We can compare types with the equals operator `==`:

``````x : float64 = 0.1;
assert(type_of(x) == float64);

n := 42;
assert(type_of(n) == int);

Foo :: struct {}
f : Foo;
assert(type_of(f) == Foo);
``````

However, when using polymorphic structs, e.g.

``````Bar :: struct(T: Type) {
value: T;
}
``````

we can only compare specializations of said type, in this case

``````b : Bar(int);
assert(type_of(b) == Bar(int));
assert(b.T == int);
``````

It is not possible to compare without specialization:

``````b : Bar(int);
assert(type_of(b) == Bar); // this does not work!
``````

even though

``````print("%\n", type_of(b)); // prints "Bar".
``````

### `\$T/Object` syntax

`\$T/Object` indicates that the `\$T` must be a parameterized struct of the type `Object`. This saves time so that one does not have to type out all the parameters of a parameterized struct. Consider the following example:

``````Hash_Table :: struct (K: Type, V: Type, N: int) {
keys: [N] K;
values: [N] V;
}

function1 :: (table: Hash_Table(\$K, \$V, \$N), key: K, value: V) {
// do stuff
}

function2 :: (table: \$T/Hash_Table, key: T.K, value: T.V) {
// do stuff
}

function3 :: (table: \$T, key: T.K, value: T.V) {
// do stuff
}

``````

All the following ways are correct ways to write functions with parameterized structs. `function1` is slightly more verbose and utilizes pattern matching to specify the type, while `function2` is less verbose but still specifies that the `\$T` must be a Hash_Table. `function3` is the most generic, least verbose, but loses a lot of useful type information. Use whatever way fits ones own programming style.

### Implicit Polymorphism

This is another way of writing `\$T/Object`, called implicit polymorphism. In this example, `Table` is being called directly.
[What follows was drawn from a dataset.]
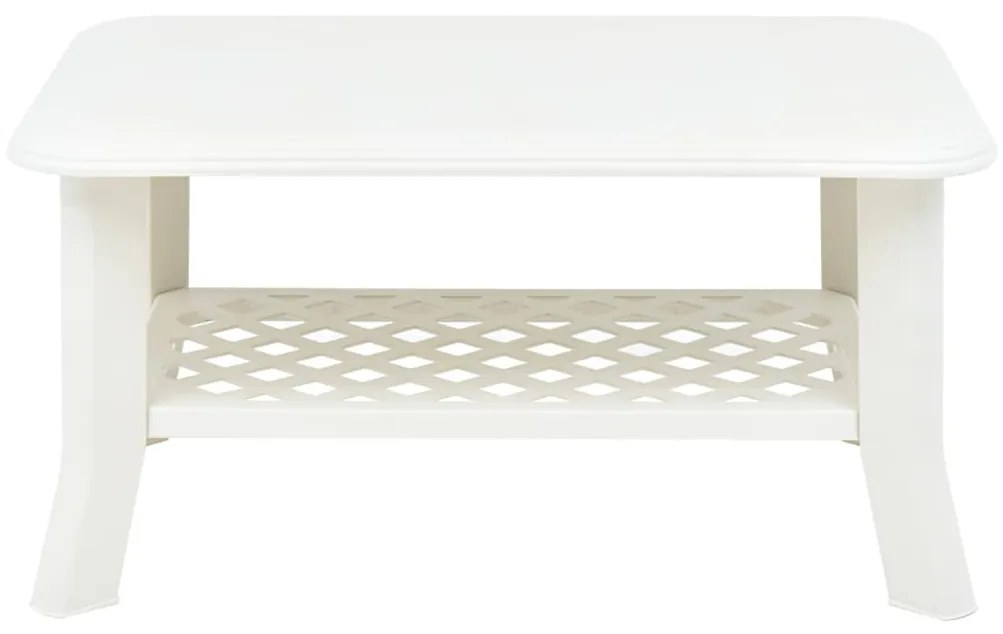 vidaXL Τραπεζάκι Σαλονιού Λευκό 90 x 60 x 46 εκ. Πλαστικό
``````function4 :: (table: Table, key: table.K, value: table.V) {
// do stuff
}
``````

### `\$T/interface Object` syntax

`\$T/interface Object` indicates that the `\$T` must have the fields that `Object` has. The changelog has this to say:

New experimental feature: keyword ‘interface’ for use with polymorphism. Accepts only types that
contain members declared in the target struct. Basically, this does duck typing in a straightforward
simple way. See uses of the keyword ‘interface’ in modules/Math/module.jai and modules/Math/matrix.jai.

### `#modify` directive

The `#modify` compiler directive lets one put a block of code that is executed at compile-time each time a call to that procedure is resolved. The `#modify` directive allows one to inspect parameter types at compile-time.

Here is an example for how to use `#modify`.

``````function :: (x: \$T)
#modify {
using Type_Info_Tag;
if T.type != INTEGER {
print("\$T must be an integer!\n");
T = null;
}
}
{  // rest of the function

}
``````

In the example above, setting `T = null` tells the compiler that `\$T` must be an integer type or it will be a compile-time error.